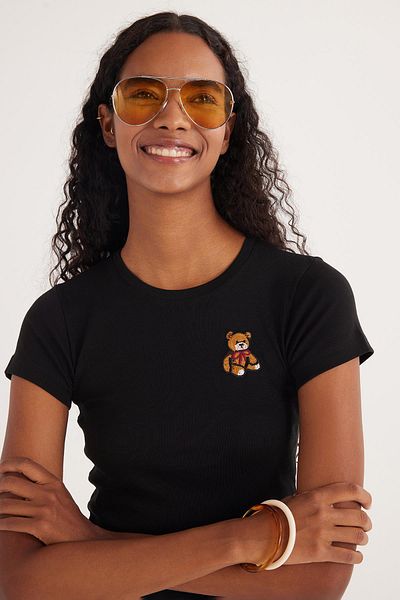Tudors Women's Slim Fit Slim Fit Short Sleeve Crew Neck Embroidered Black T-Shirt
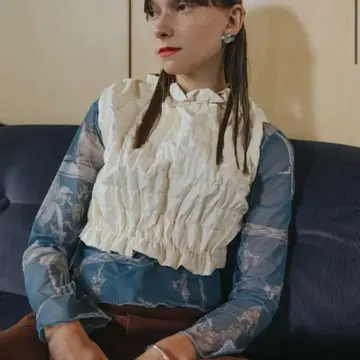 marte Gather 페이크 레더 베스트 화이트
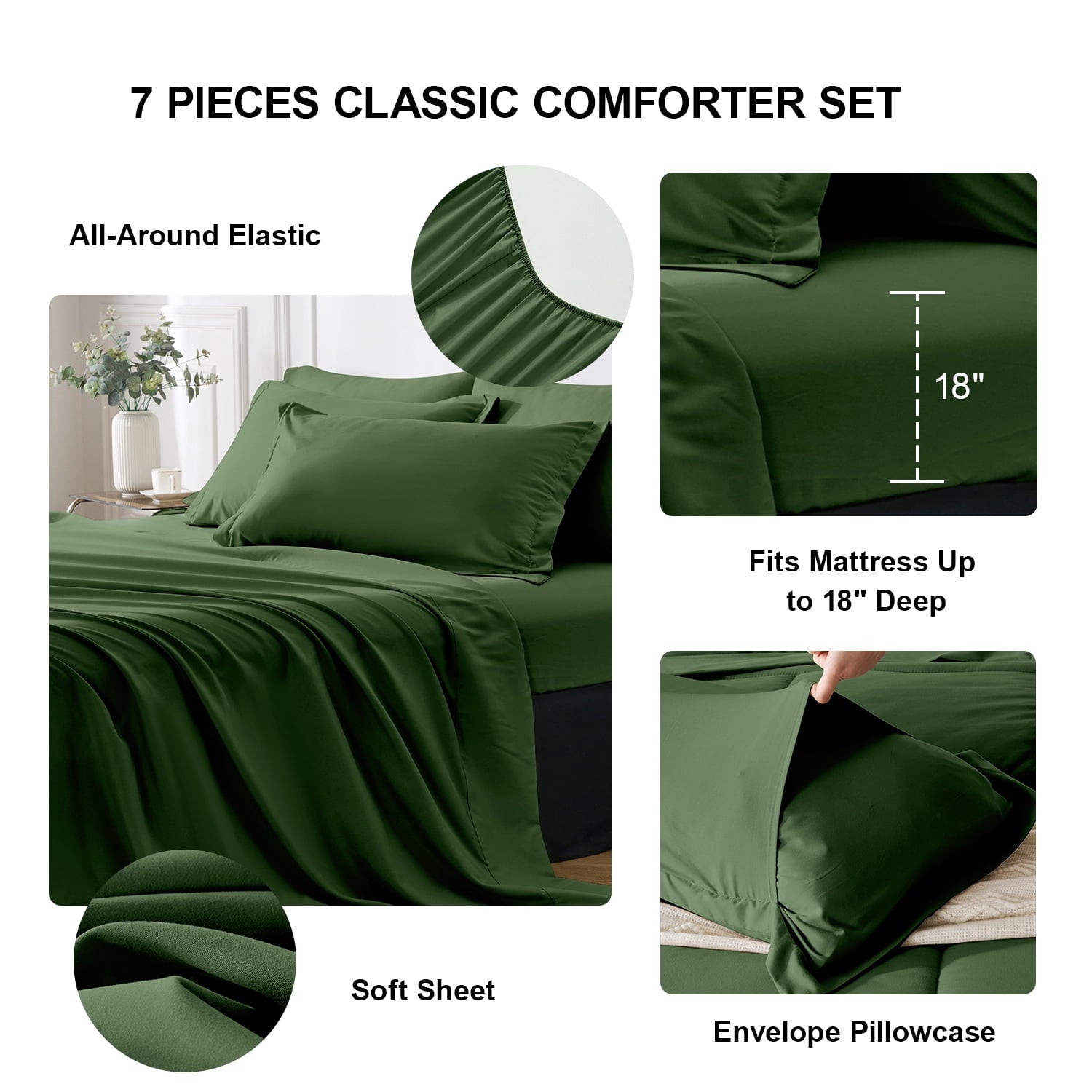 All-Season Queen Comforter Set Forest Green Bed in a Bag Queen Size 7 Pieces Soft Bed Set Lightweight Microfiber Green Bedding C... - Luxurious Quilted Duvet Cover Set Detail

* * *

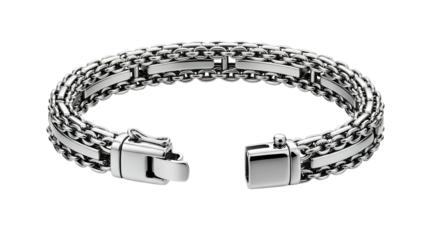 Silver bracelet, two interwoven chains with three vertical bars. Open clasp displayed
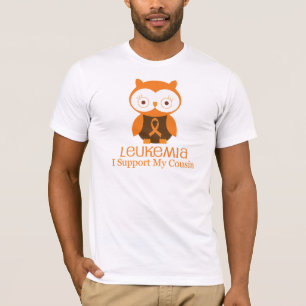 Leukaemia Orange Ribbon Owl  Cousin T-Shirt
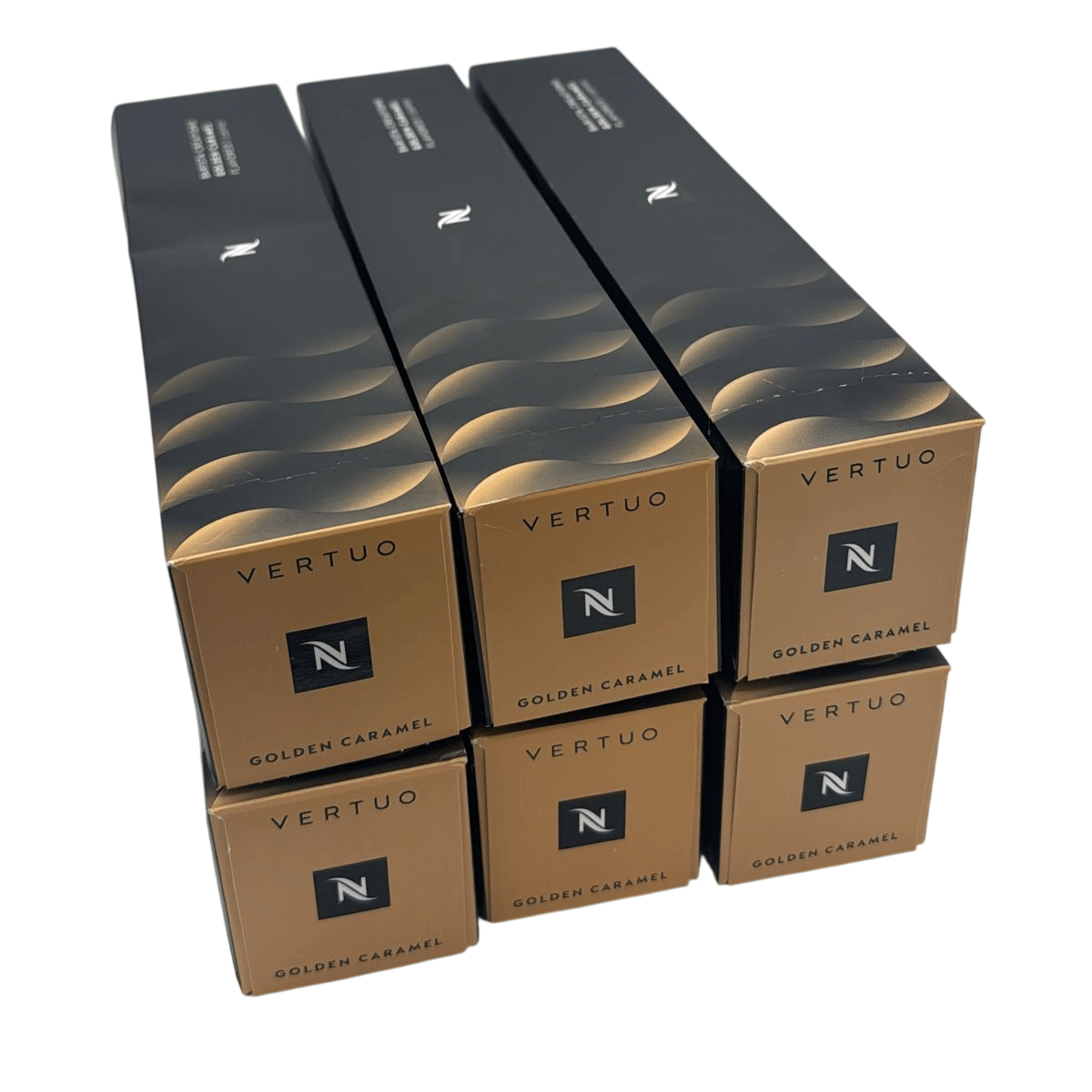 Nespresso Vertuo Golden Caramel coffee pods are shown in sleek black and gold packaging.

### Task item
Leaving out each picture, repeat exactly the lines above from the one that contains "Tudors Women's Slim" through the one that contains "All-Season Queen Comforter".

### Answer
Tudors Women's Slim Fit Slim Fit Short Sleeve Crew Neck Embroidered Black T-Shirt
 marte Gather 페이크 레더 베스트 화이트
 All-Season Queen Comforter Set Forest Green Bed in a Bag Queen Size 7 Pieces Soft Bed Set Lightweight Microfiber Green Bedding C... - Luxurious Quilted Duvet Cover Set Detail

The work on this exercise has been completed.